Can I use frozen sweet potatoes?
Yes, just roast them straight from frozen, add 5 extra minutes to cooking time.
How spicy is this?
It depends on your taco seasoning and pico de gallo. Use mild seasoning or add jalapeños if you want heat.
Can I make this ahead of time?
Definitely! This is one of my favorite meal prep recipes, just assemble and store in containers.

Serving Suggestions
- Serve over rice, quinoa, or cauliflower rice for a hearty base.
- Add a side of tortilla chips for crunch.
- Drizzle with salsa, hot sauce, or Greek yogurt for extra flavor.
- Pair with a simple green salad.
Storage and Reheating Instructions
Storage: Store in airtight containers in the fridge for up to 4 days. Keep avocado and pico separate until serving.
Reheating: Warm turkey, beans, and sweet potatoes in the microwave or on the stovetop.
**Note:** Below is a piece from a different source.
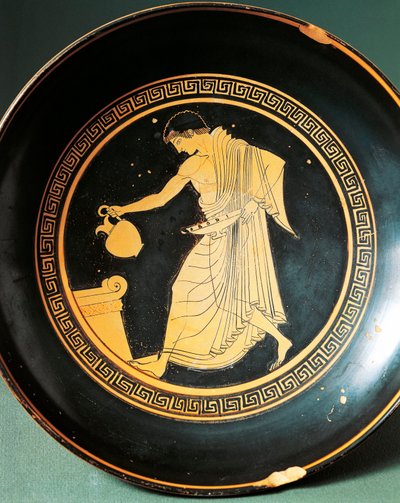 Douriksen Kylix, joka kuvaa nuoria lähellä alttaria, 6. vuosisadalla eKr. (keramiikka) tekijältä Greek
Add fresh toppings after reheating.
Tips: If meal prepping, pack toppings separately in small containers to keep everything fresh.

Easy Sweet Potato Taco Bowls
Ingredients
- 2 medium sweet potatoes peeled and cut into ½-inch cubes
- 1 tablespoon olive oil
- 1 teaspoon ground cumin
- ½ teaspoon smoked paprika optional
- Salt & pepper to taste
- 1 pound ground turkey 93% lean works best
- 1 tablespoon olive oil
- 1 packet taco seasoning or 3 tablespoons homemade blend
- ½ cup water
- 1 15 oz can black beans, rinsed and drained
- ¼ cup fresh cilantro chopped
- 2 avocados sliced
- 1 cup pico de gallo store-bought or homemade
Instructions
Roast the Sweet Potatoes
- Preheat oven to 425°F (220°C).
- Toss sweet potato cubes with olive oil, cumin, smoked paprika, salt, and pepper.
- Spread evenly on a parchment-lined baking sheet.
- Roast for 25–30 minutes, flipping halfway, until tender and golden.
Cook the Turkey
- Heat olive oil in a skillet over medium heat.
- Add ground turkey, breaking it apart with a spatula, and cook until browned (6–8 minutes).
- Stir in taco seasoning and water. Simmer 2–3 minutes until well coated and slightly saucy.
- In a small saucepan, heat black beans with a pinch of salt and stir in cilantro. Keep warm.
- Divide roasted sweet potatoes, taco-seasoned turkey, and black beans between 4 bowls (or containers for meal prep).
- Top each with avocado slices and a spoonful of pico de gallo.